# T25 exhaust system



## Gerbie (Jan 23, 2011)

HI ALL,its come to the time when i need to renew the complete exhaust system on my 1989 t25 watercooled, from the engine to the silencer, looks complicated to me!!! any ideas how much it will cost? think its been on since new and the bolts look very rusty. cheers Gerbie (chris)


----------



## Mastodon (Jan 23, 2011)

Longlife will make a stainless one for you. Google it.


----------



## shawbags (Jan 25, 2011)

hi there,stainless exhausts are very good but exspensive,unfortunatly t25 exhausts are not cheap anyway,look on ebay and compare the prices with vw camper specialists.
If the bolts are rusty be carefull not to snap them off if you do it yourself,its not rocket science but it can be a fidly dirty job as you will have to take some of the tinware off as you go,follow the haynes manual guide or better still,money permiting,sourse the exhaust yourserlf and take it to a reputable t25 garage for fitting,shawbags.


----------



## Mastodon (Jan 25, 2011)

Not cheap, I agree, I got one made for my T4 when the back box fell apart - it was cheaper than OE and not far different to pattern parts. Had another one for my Mitzi Pajero as parts almost impossible to get (same with Mazda Bongos). On the other hand my old Vauxhall Midi needed a new bit most years and cost me a fortune.

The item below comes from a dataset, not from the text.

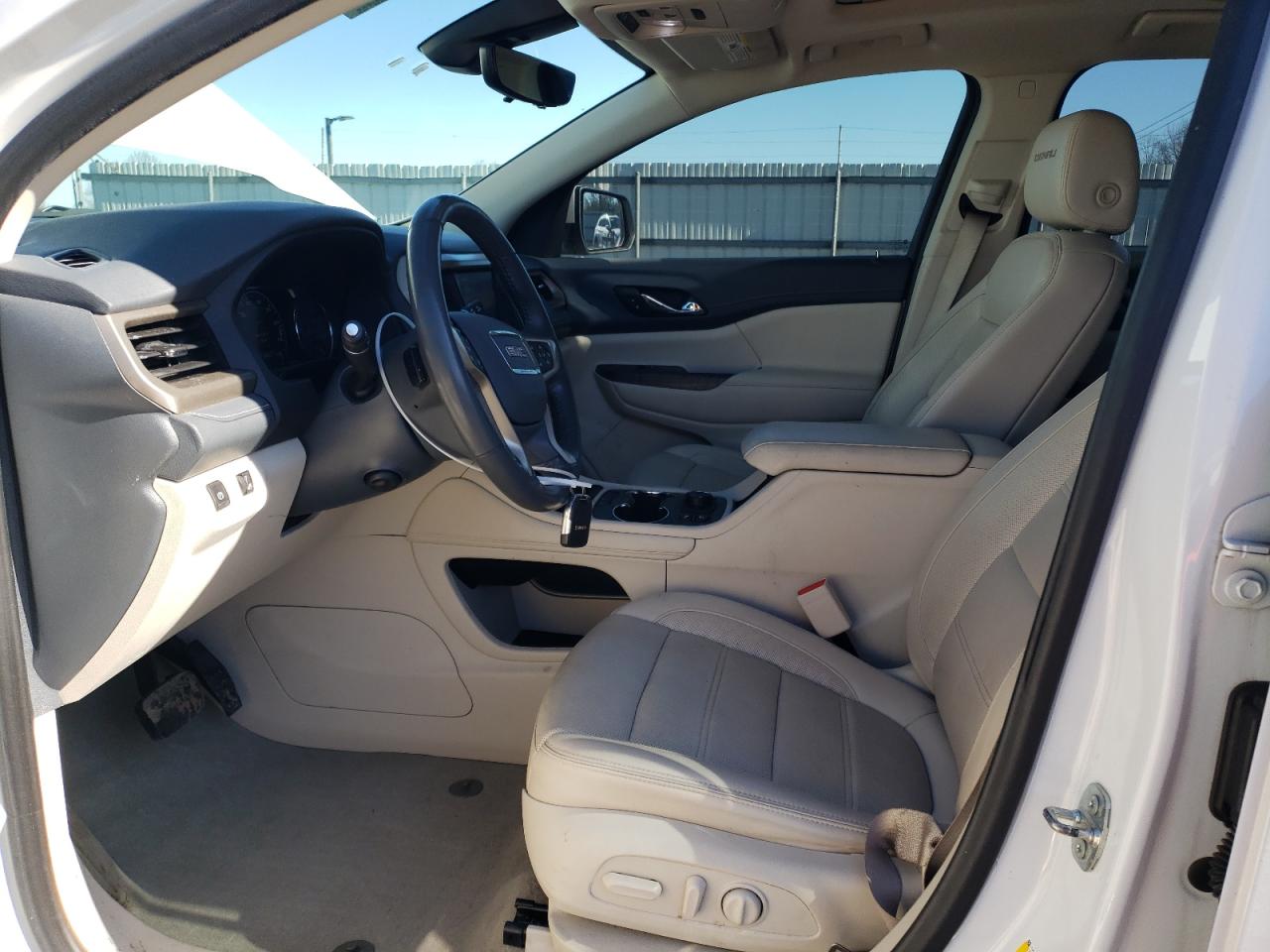 2020 GMC Acadia - Image 7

Money well spent if you intend to keep your van.


----------



## shawbags (Jan 26, 2011)

your right,stainless to keep,standard to sell.


----------



## jeffscarborough (Jan 26, 2011)

It would help if your profile included your location

This place is well regarded in the VW world.

brickwerks

The Brick-yard

        Jeff.


----------



## Gerbie (Mar 14, 2011)

*t25 exhaust system*

hi jeff, im from the wirral, merseyside. Thanks for all the answers, looks like it will be an expensive job, just when i could do without it!!!! oh well, Gerbie


----------



## Guernsey Donkey (Mar 15, 2011)

Gerbie said:


> hi jeff, im from the wirral, merseyside. Thanks for all the answers, looks like it will be an expensive job, just when i could do without it!!!! oh well, Gerbie



Hi Gerbie - just had a quote for stainless steel, £700 fitted for my T25 water cooled.
Other than this try JustKampers in Hampshire.


----------



## Gerbie (Mar 16, 2011)

*t25 exhaust system*

thanks Guernsey Donkey, think i will have to bite the bullet and splash the cash, just wont be telling the missus how much it cost!!!!!!!!!!!!!!!!!!!, by the way thanks for the fantastic photos of the western isles !!!!!!!!!!!!. Gerbie


----------